Menu Options (Within Map View)
File
− Import GSM Data - Permits the import of GSM (2G) Data from any
saved CSurv 2G log file.
− Import Base Station Data - Permits the import of a .BSS file
containing Base Station location information to be over-laid on the
CSurv map
Options
− Pointer Line Only - Select any push-pin to identify it by number.
− Bubble Text Only - Select any push-pin to display the location and
network data logged at this location.
− Goto the start of GSM Records - Rewinds loaded survey data to the
beginning of the log file.
− Filter Network on Playback… - Allows a network filter to be applied
so that only the data from the selected network is shown during
playback. Filtering is possible by MCC (Country Code) or MNC (Network
Code).
− Cell ID value to monitor… - Allows a specific Cell ID to be
monitored.
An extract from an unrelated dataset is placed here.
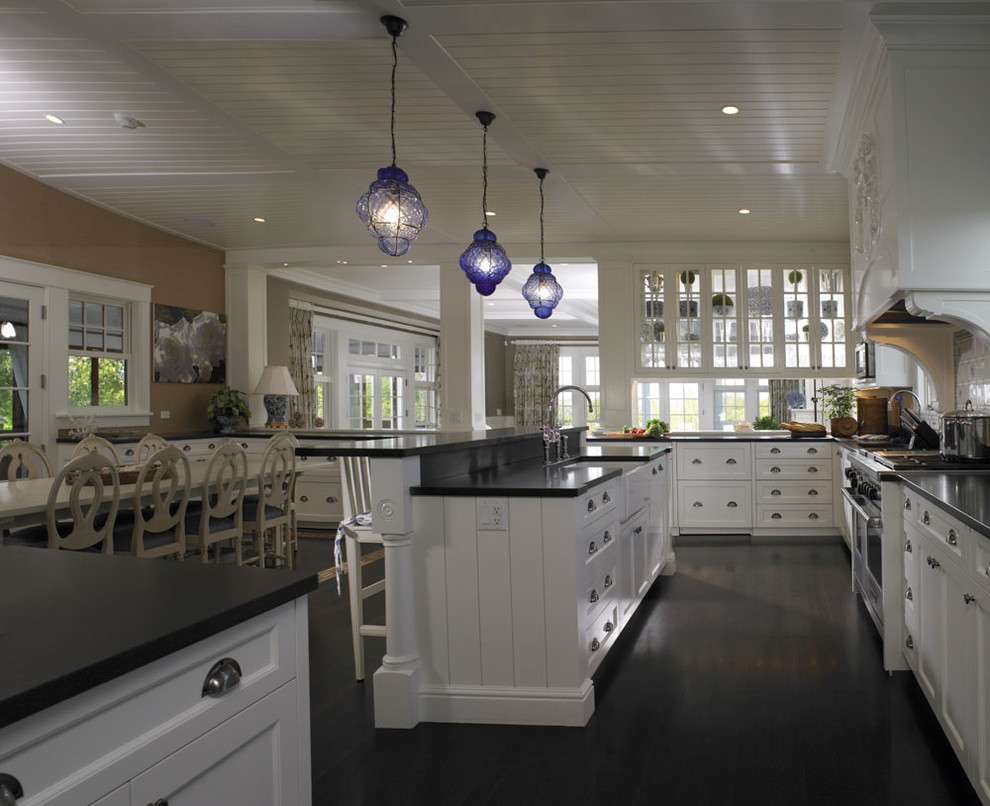 Kitchen - large traditional dark wood floor kitchen idea in Boston with a farmhouse sink, recessed-panel cabinets, white cabinets, granite countertops, white backsplash, ceramic backsplash, paneled appliances and an island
An audible sound will occur when the monitored Cell ID
falls out of range and will sound again when it becomes available.
− Colour change on Selected Cell ID - Limits push-pin colour change
only for the selected Cell ID.
− Colour Change on Any Cell ID - Enables push-pin colour change for
each new Cell ID
− Display Cell ID Colour List - Displays the push-pin colours used for
each Cell ID (See Figure 14 - Display Cell ID Colour List Option)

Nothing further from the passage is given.